1992 AAR In 1992, while a biology graduate student at Berkeley, I responded to some papers at the annual meeting of the American Academy of Religion (AAR) in San Francisco. The AAR includes several thousand professors of religion from colleges all over North America. At the 1992 meeting, the committee on theology and science discussed the fall, original sin, and guilt. I was too busy to write a paper, but offered to be a respondent to the others, and the committee chairman accepted my offer.

The papers, including one by James Fowler of Emory University, took it for granted that the fall of Adam and Eve was a fiction rather than a historical fact. They made this assumption because Darwinism had presumably proven that the human species originated as a slowly evolving population rather than as two created individuals who disobeyed God. Since, in their minds, the fall never occurred, the universal sense of guilt usually attributed to the fall must have originated in some other way. Fowler argued that each of us goes through a period of anxiety as we are weaned from our mother's breast, and that that anxiety gives rise to the myth that something occurred early in our history which separated us from "god" and led to feelings of guilt. According to Fowler, however, the same event propels us on the road to individual awareness and rational thought. According to this interpretation, the "fall" is actually a good thing: without it, we would never be truly human.

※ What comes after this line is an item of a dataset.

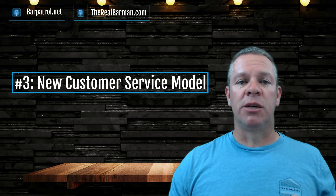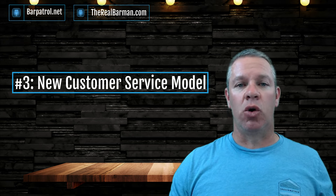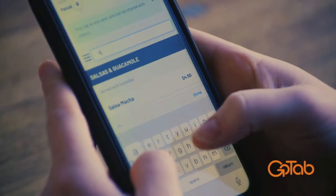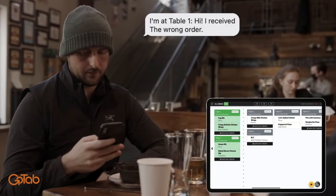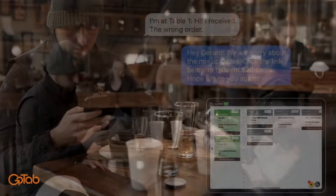Number three: adopt the new customer service model by allowing customers to order and pay from their phones by scanning a QR code and having your menu show up right on their phones. Basically, you are putting the POS device right into their hands. GoTab is the leader in this technology — it's a free POS system that allows you to have fewer staff on while providing a better customer experience. This system has proven to increase sales by 30%, lower labor by 10 to 15%, increase table turnover, and increase how much money you and your staff make. Make sure to check out GoTab.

I responded that the paper-writers, by basing their theological reflections on implications of Darwin's theory, were relying on bad science. I explained that Darwinism doesn't fit the evidence, and concluded that the paper-writers had sold out to a passing fad. Then I criticized their theology, arguing that if evil did not enter the world through a historical act of human free will, God must have made the world evil. In his rebuttal, Fowler remarked that what each of us experiences in our own upbringing is actually "a fall upwards into consciousness."

I got the last word, and confessed to being old-fashioned enough to think that when we fall, we fall downwards. The discussion had been friendly and good humored, but after it was over I found that no one in the audience (except for a handful of my own friends) wanted to talk to me. Many (including the committee chairman) even turned and walked away when I approached them. Since the audience included almost everyone in North America who teaches about science and religion in our universities and theological seminaries, the shunning which I experienced indicated that virtually the entire academic establishment has sold out to Darwinism. Anyone who criticizes it and defends classical theology is considered to be acting in bad taste. It saddened me to realize that educators who should be interested in these issues don't even want to discuss them.

Current Activities

Since completing my second Ph.D. a few months ago, I have taught embryology at a state college and am now a post-doctoral research biologist at Berkeley, writing articles critical of Darwinism. I am one of a growing number of highly-educated and articulate critics of Darwinism, located in universities all over North America, who stay in touch via the internet and occasionally join forces at academic conferences.

These critics include embryologists, paleontologists, biochemists, molecular biologists, medical doctors, philosophers, and even lawyers. Unfortunately, the North American science-and-religion establishment has largely turned a deaf ear to these critics, preferring instead to abandon classical theology and embrace metaphysical materialism and moral relativism. But I see the situation as analogous to the last years of Soviet communism. A small, powerful elite controls all the official information outlets while the evidence against the official position swells quietly, like a wave building offshore. Someday soon, to the surprise of many people in academia and the media, the wave will break. I predict that the Darwinist establishment will come apart at the seams, just as the Soviet Empire did in 1990.